Captivo è uno spettacolo di teatro canzone, un quadro espressionista, costituito da personaggi teatrali e cinematografici legati dalla loro peculiarità di essere costantemente border line, sulla linea di confine tra Bene e Male. Una sequenza sorprendente, originale, innovativa. La recitazione, l’interpretazione capovolgono le carte sul tavolo, si fa parlare Viviani come se fosse diretto da Kubrick e si riveste la violenza di genere di finto amore, fino ad una tirata della Commedia dell’arte.

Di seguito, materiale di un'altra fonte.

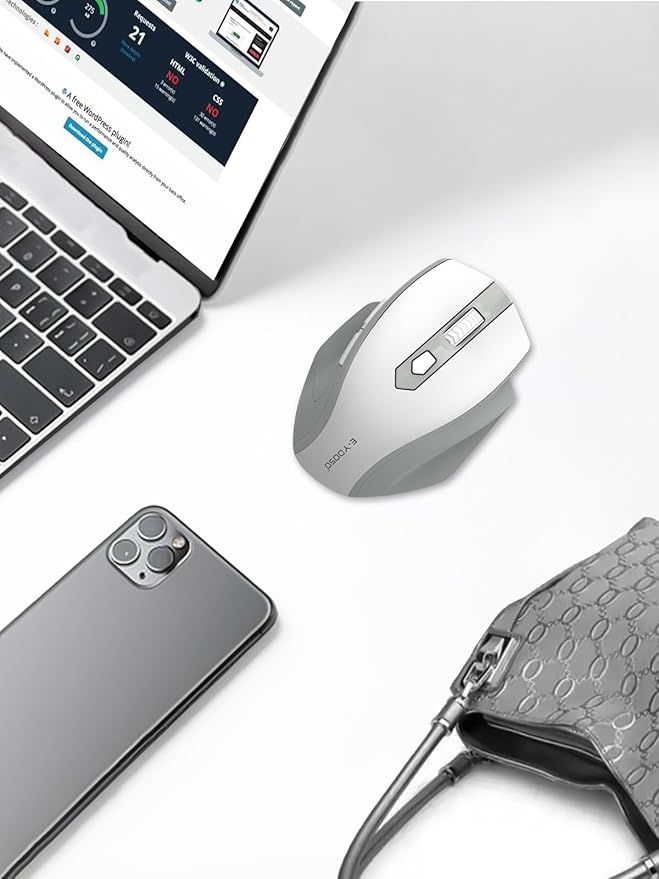 E-YOOSO Wireless Mouse for Laptop, 2.4GHz Computer Mouse 5 Adjustable DPI Office Cordless Mice with USBA Receiver, 6 Buttons, 4000 DPI, Medium to Large Sized Hands Compatible with PC, Laptop, Desktop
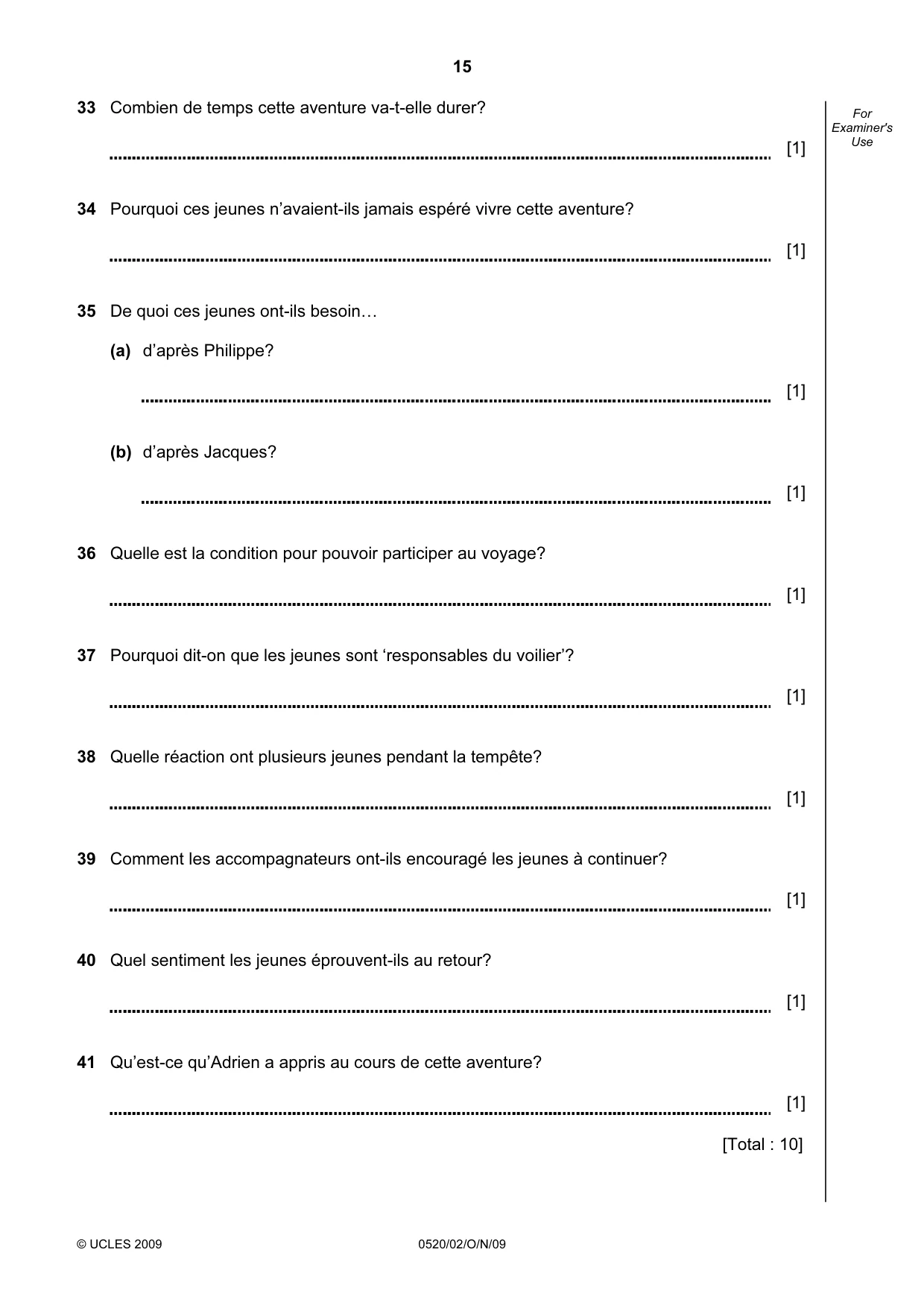 Cambridge IGCSE French - Foreign Language 0520 2009 Oct/Nov Paper 2 · Variant 1 question paper, page 15 of 16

Voci che cambiano, intenzioni inaspettate, personaggi capovolti.
Spesso, nel Teatro e al Cinema le parole sono state sottovalutate, musicate da una melodia allegra o velate da belle immagini.
Avete mai ascoltato con attenzione il testo de “‘A Retena de’ scugnizze” di Viviani?
Grazie all’accompagnamento da Festa popolare, forse sfugge quello che in effetti è un accordo tra ragazzini forse più che semplici “mariuncielle”, un accordo anche abbastanza duro.
E cosa differenzia l’attacco prepotente e senza motivo al debole Mimì di Montemurro o alle femmine di Festa di Piedigrotta da parte dei Bazzarioti, dallo spirito che muove Alex e i suoi drughi in Arancia Meccanica?
Captivo vuol dire, oltre che cattivo, prigioniero. Qual è il confine tra carceriere e carcerato, chi imprigiona chi?
In scena con Gianfranco Gallo, il chitarrista solista jazz Antonio Maiello (un numero uno del panorama nazionale), la sua musica, come un’onda densa e continua, asseconda la traversata. Insieme a lui il polistrumentista Michele Visconte.